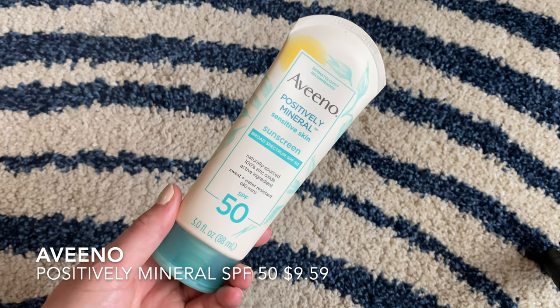The other Aveeno I love is the Positively Mineral Sunscreen for sensitive skin — SPF 50, broad spectrum. This one is harder to blend on your face and does leave a white cast. If you work hard enough at it, it will eventually go away, but that's something to think about when choosing sunscreen. If you don't like white cast or have a deeper skin tone, you might not want to go for mineral sunscreens. But I love it for my face. I've worn it at Disney when I'm hot and sweaty and walking around — it doesn't drip or run into your eyes, which is super important to me.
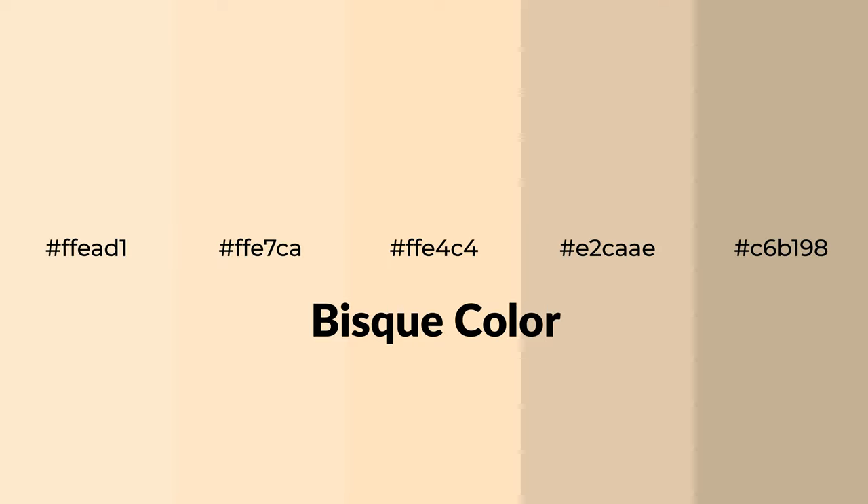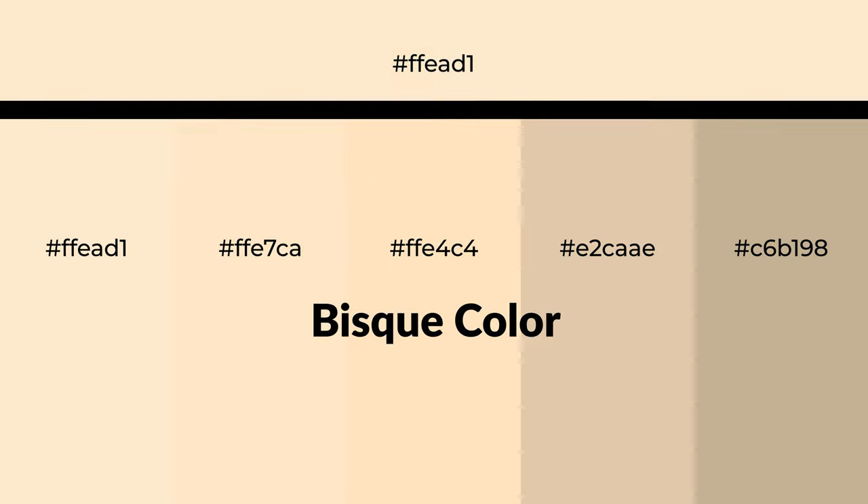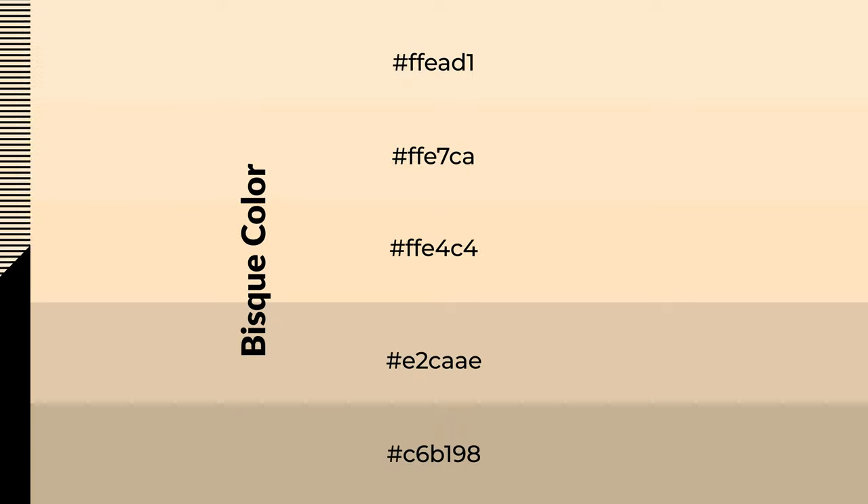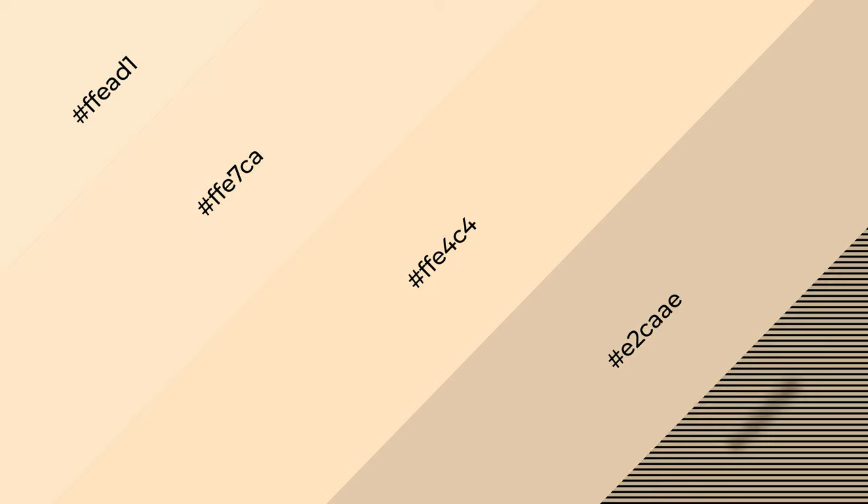Warm shades of Biscay color with brown hue for your next project. To generate tints of a color we add white to the color — tints create light and exquisite emotions. To generate shades of a color we add black to the color, and it is used in patterns, 3D effects, and layers. Shades create depth and drama.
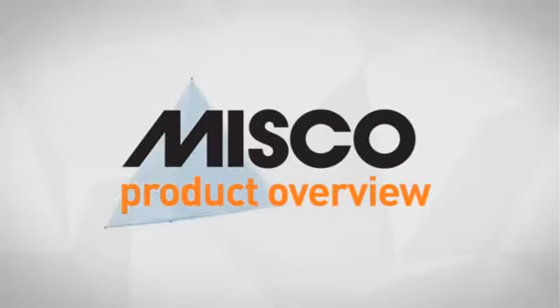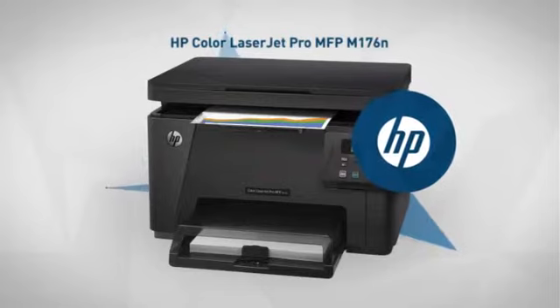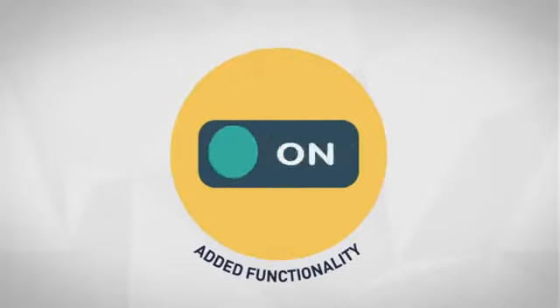Welcome to another MISCO product overview. Today we look at this smart multi-function laser printer from Hewlett-Packard. So let's dive in. First thing we noted is a range of useful functions, which allow you to enjoy added functionality.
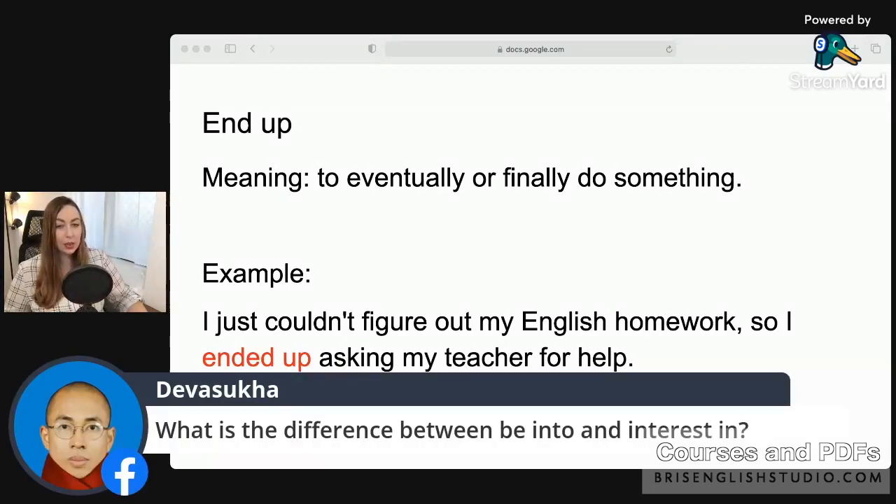What is the difference between 'be into' and 'interested in'? They mean a similar thing, but 'into something' means you're really focused on this one thing — like a current hobby or current focus. With 'interested in,' there are varying degrees: a little interested, kind of interested, very interested. But if you're into something, you're very very focused on it or really involved. So 'be into' is a little stronger than 'interested in.'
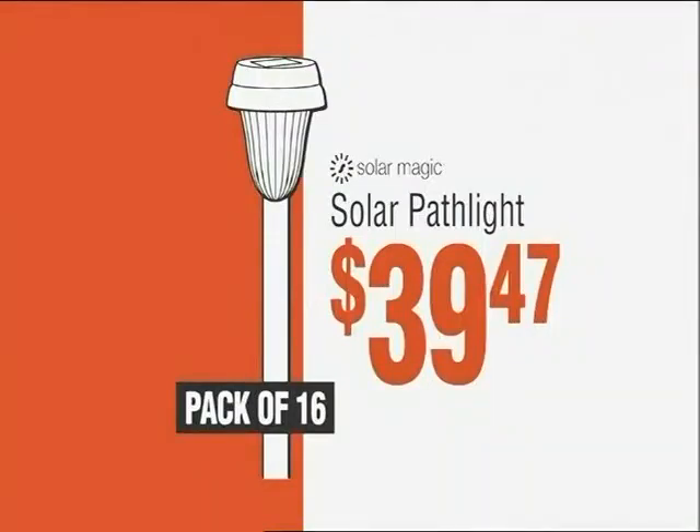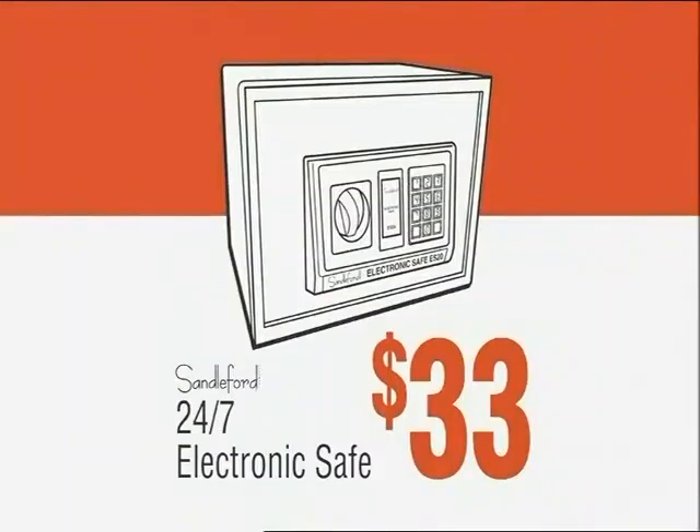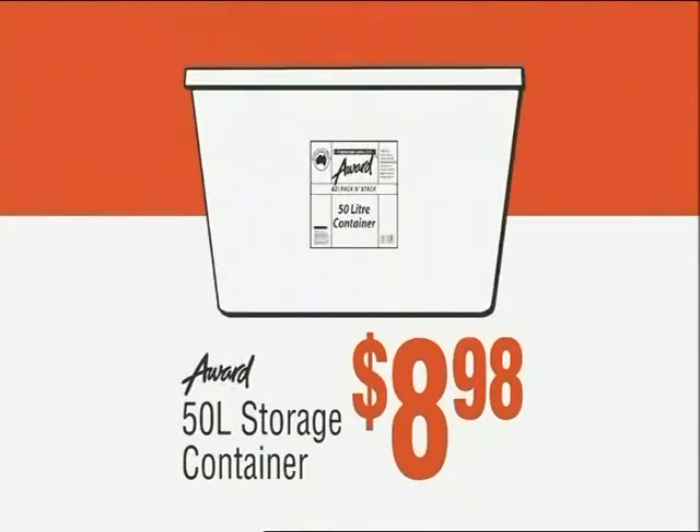Solar path lights, $39.47. Sugar cane mulch, $12.84. Electronic safe, $33. Storage container, $8.98.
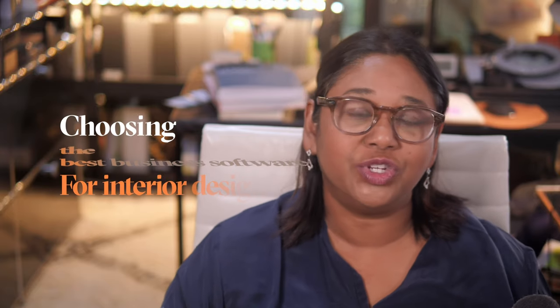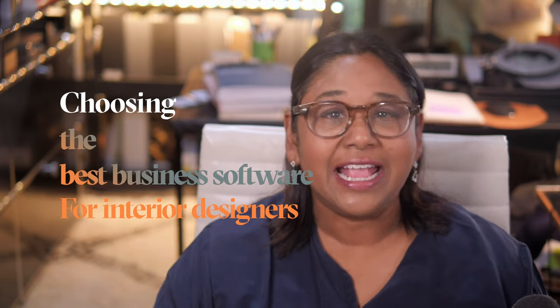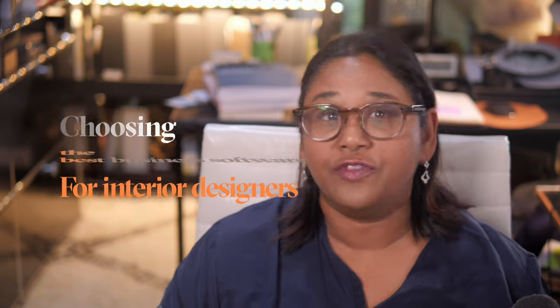Are you tired of feeling overwhelmed when choosing interior design business management software? Look no further. In this series of videos, I'm going to share my top tips on selecting the perfect software for your interior design business without the hassle.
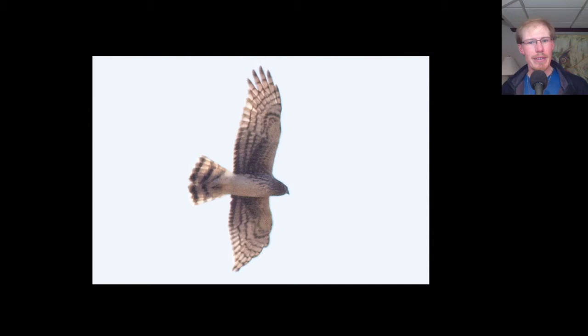Here we have a northern harrier. At first I was going to call this an adult female because of the streaking on the upper breast, but actually I was wondering if this might actually be a juvenile, because some juveniles can show streaking on the upper breast. We see it doesn't really go down super far down onto the belly, and the patagial areas are pretty unmarked, so I'm thinking this might actually be a juvenile.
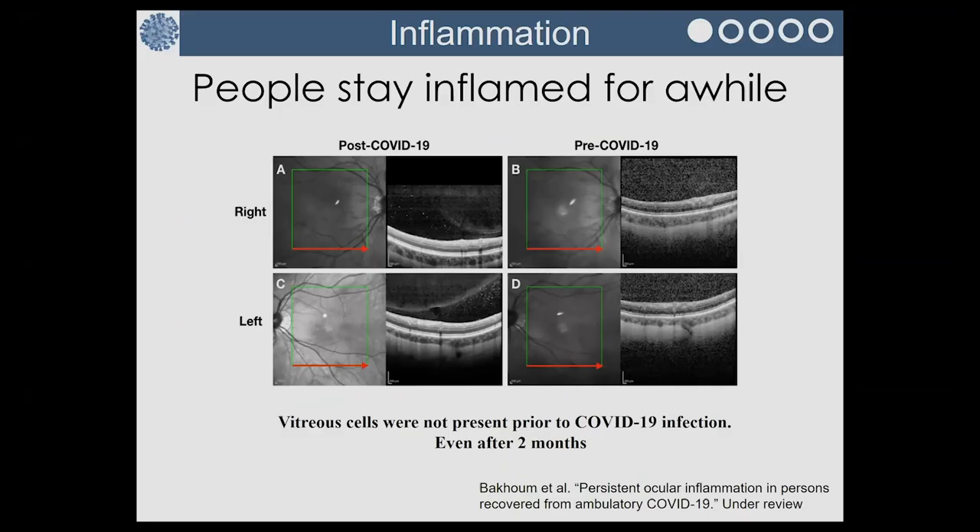We learned, partnering with our ophthalmology colleagues at UCSD, that inflammation is still a problem with this infection. We weren't quite aware of this at the beginning, but when someone gets this infection and the body makes an immune response, it causes inflammation. And inflammation can be anywhere in the body — it can be in the heart, it can be in the brain — and those things can cause heart attacks and stroke.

◆ ◆ ◆ ◆ ◆ ◆ ◆

◆ What is required: Write out each entry exactly as given, but skip the pictures.

◆ Task answer:
The other Aveeno I love is the Positively Mineral Sunscreen for sensitive skin — SPF 50, broad spectrum. This one is harder to blend on your face and does leave a white cast. If you work hard enough at it, it will eventually go away, but that's something to think about when choosing sunscreen. If you don't like white cast or have a deeper skin tone, you might not want to go for mineral sunscreens. But I love it for my face. I've worn it at Disney when I'm hot and sweaty and walking around — it doesn't drip or run into your eyes, which is super important to me.
Warm shades of Biscay color with brown hue for your next project. To generate tints of a color we add white to the color — tints create light and exquisite emotions. To generate shades of a color we add black to the color, and it is used in patterns, 3D effects, and layers. Shades create depth and drama.
Welcome to another MISCO product overview. Today we look at this smart multi-function laser printer from Hewlett-Packard. So let's dive in. First thing we noted is a range of useful functions, which allow you to enjoy added functionality.
What is the difference between 'be into' and 'interested in'? They mean a similar thing, but 'into something' means you're really focused on this one thing — like a current hobby or current focus. With 'interested in,' there are varying degrees: a little interested, kind of interested, very interested. But if you're into something, you're very very focused on it or really involved. So 'be into' is a little stronger than 'interested in.'
Solar path lights, $39.47. Sugar cane mulch, $12.84. Electronic safe, $33. Storage container, $8.98.
Are you tired of feeling overwhelmed when choosing interior design business management software? Look no further. In this series of videos, I'm going to share my top tips on selecting the perfect software for your interior design business without the hassle.
Here we have a northern harrier. At first I was going to call this an adult female because of the streaking on the upper breast, but actually I was wondering if this might actually be a juvenile, because some juveniles can show streaking on the upper breast. We see it doesn't really go down super far down onto the belly, and the patagial areas are pretty unmarked, so I'm thinking this might actually be a juvenile.
We learned, partnering with our ophthalmology colleagues at UCSD, that inflammation is still a problem with this infection. We weren't quite aware of this at the beginning, but when someone gets this infection and the body makes an immune response, it causes inflammation. And inflammation can be anywhere in the body — it can be in the heart, it can be in the brain — and those things can cause heart attacks and stroke.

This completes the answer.